▶ [Problem to solve] Please reproduce the data exactly, though every picture must stay out.

(Items from a data source)
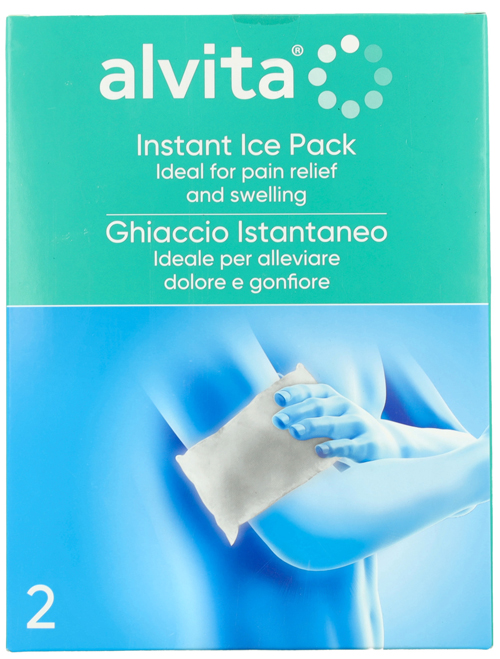 GHIACCIO ISTANTANEO ALVITA 2 PEZZI - farmascienza.it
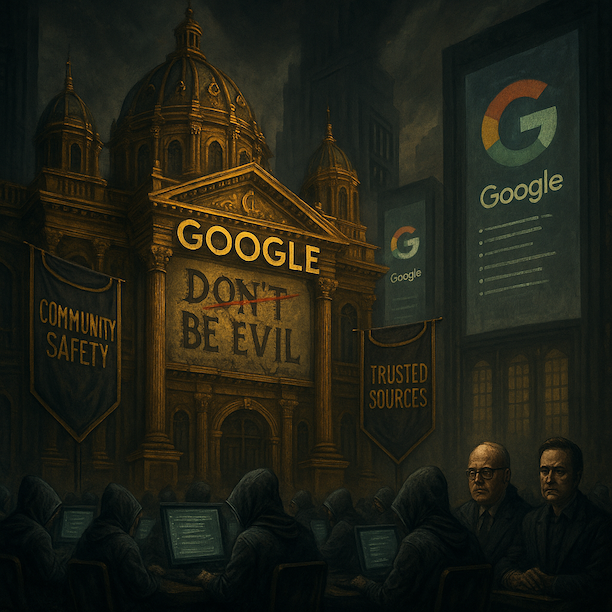 Exposing Alphabet: Google & YouTube Censorship and Corporate Mind Control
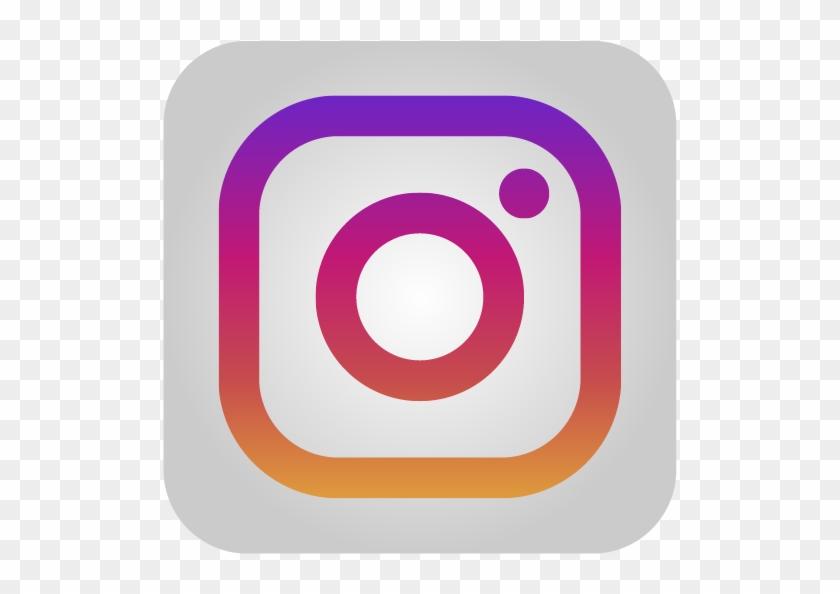 Back To Top - Instagram 3d Logo Png #1293935
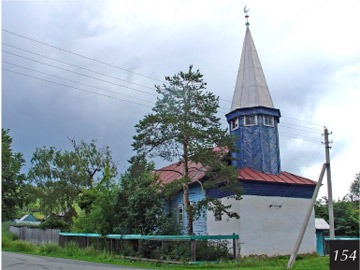 Мечеть в поселке Средний Бугалыш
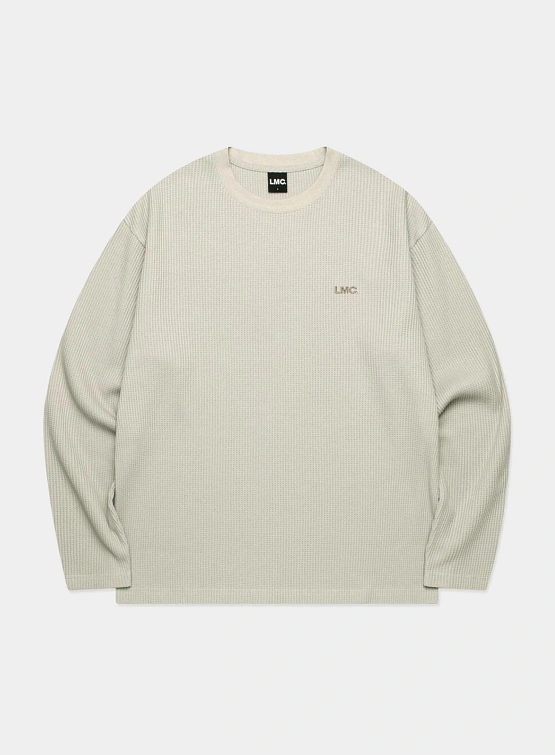 Лонгслив LMC Waffle Og Long Slv Sand
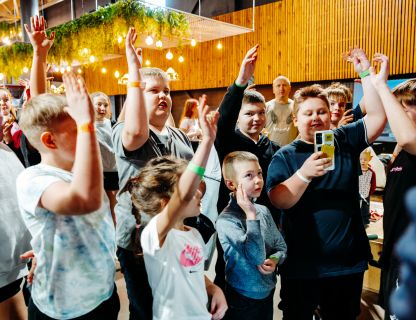 Kvartāls 86 otrās kārtas atklāšana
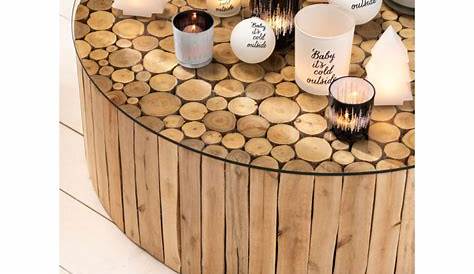 Table Basse Rondin De Bois Ronde 84 Meilleures Images Du au s s Homes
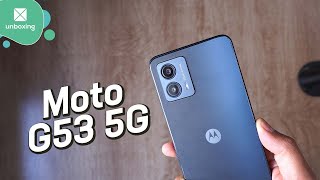 Motorola Moto G53 5G  Unboxing en español [upl. by Killarney]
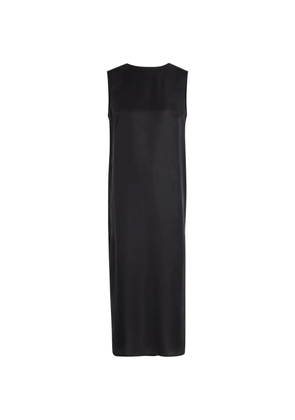 AKYN Kayla sleeveless midi dress - Black
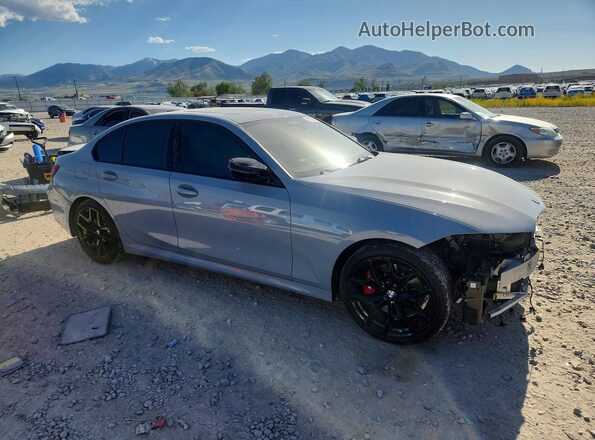 3MW69FT08S8F65679 2025 BMW M3 Gray წინა მარჯვენა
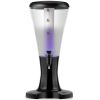Set of 2 3L Draft Beer Tower Dispenser with LED Lights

▶ [Exercise output]
 GHIACCIO ISTANTANEO ALVITA 2 PEZZI - farmascienza.it
 Exposing Alphabet: Google & YouTube Censorship and Corporate Mind Control
 Back To Top - Instagram 3d Logo Png #1293935
 Мечеть в поселке Средний Бугалыш
 Лонгслив LMC Waffle Og Long Slv Sand
 Kvartāls 86 otrās kārtas atklāšana
 Table Basse Rondin De Bois Ronde 84 Meilleures Images Du au s s Homes
 Motorola Moto G53 5G  Unboxing en español [upl. by Killarney]
 AKYN Kayla sleeveless midi dress - Black
 3MW69FT08S8F65679 2025 BMW M3 Gray წინა მარჯვენა
Set of 2 3L Draft Beer Tower Dispenser with LED Lights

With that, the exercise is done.